## WORK TO BE COMPLETED
Below is a block of records. Copy every line in it that contains the word "with".

## DATA UNDER STUDY
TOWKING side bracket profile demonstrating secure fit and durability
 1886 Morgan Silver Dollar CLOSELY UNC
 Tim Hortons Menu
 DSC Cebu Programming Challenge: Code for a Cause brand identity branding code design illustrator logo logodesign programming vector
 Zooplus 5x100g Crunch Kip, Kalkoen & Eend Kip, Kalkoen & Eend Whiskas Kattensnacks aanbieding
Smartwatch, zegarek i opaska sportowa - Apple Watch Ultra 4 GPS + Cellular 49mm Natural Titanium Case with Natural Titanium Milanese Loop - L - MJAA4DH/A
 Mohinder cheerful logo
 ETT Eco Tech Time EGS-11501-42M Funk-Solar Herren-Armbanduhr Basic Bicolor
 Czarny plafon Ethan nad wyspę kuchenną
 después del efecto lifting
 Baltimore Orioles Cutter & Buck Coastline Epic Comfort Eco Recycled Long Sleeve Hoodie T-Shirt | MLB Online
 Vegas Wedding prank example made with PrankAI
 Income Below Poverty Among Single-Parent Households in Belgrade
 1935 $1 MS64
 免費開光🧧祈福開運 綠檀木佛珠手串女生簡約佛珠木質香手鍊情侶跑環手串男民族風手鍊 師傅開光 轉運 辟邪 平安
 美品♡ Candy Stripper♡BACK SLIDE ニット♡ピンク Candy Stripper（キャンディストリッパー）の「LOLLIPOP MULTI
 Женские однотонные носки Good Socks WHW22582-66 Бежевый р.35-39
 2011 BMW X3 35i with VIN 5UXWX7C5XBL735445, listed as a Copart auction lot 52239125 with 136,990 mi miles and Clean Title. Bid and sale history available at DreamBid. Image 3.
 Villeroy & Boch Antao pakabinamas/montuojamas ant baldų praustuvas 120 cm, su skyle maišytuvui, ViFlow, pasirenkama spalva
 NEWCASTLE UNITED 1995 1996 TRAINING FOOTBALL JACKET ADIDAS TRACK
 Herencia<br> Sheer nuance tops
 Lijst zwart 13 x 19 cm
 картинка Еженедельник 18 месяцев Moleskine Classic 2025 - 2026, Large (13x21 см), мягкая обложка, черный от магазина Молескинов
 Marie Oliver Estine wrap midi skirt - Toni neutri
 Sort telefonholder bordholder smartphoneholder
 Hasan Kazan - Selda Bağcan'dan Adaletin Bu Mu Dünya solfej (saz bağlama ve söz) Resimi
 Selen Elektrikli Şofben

## ANSWER BOX
Smartwatch, zegarek i opaska sportowa - Apple Watch Ultra 4 GPS + Cellular 49mm Natural Titanium Case with Natural Titanium Milanese Loop - L - MJAA4DH/A
 Vegas Wedding prank example made with PrankAI
 2011 BMW X3 35i with VIN 5UXWX7C5XBL735445, listed as a Copart auction lot 52239125 with 136,990 mi miles and Clean Title. Bid and sale history available at DreamBid. Image 3.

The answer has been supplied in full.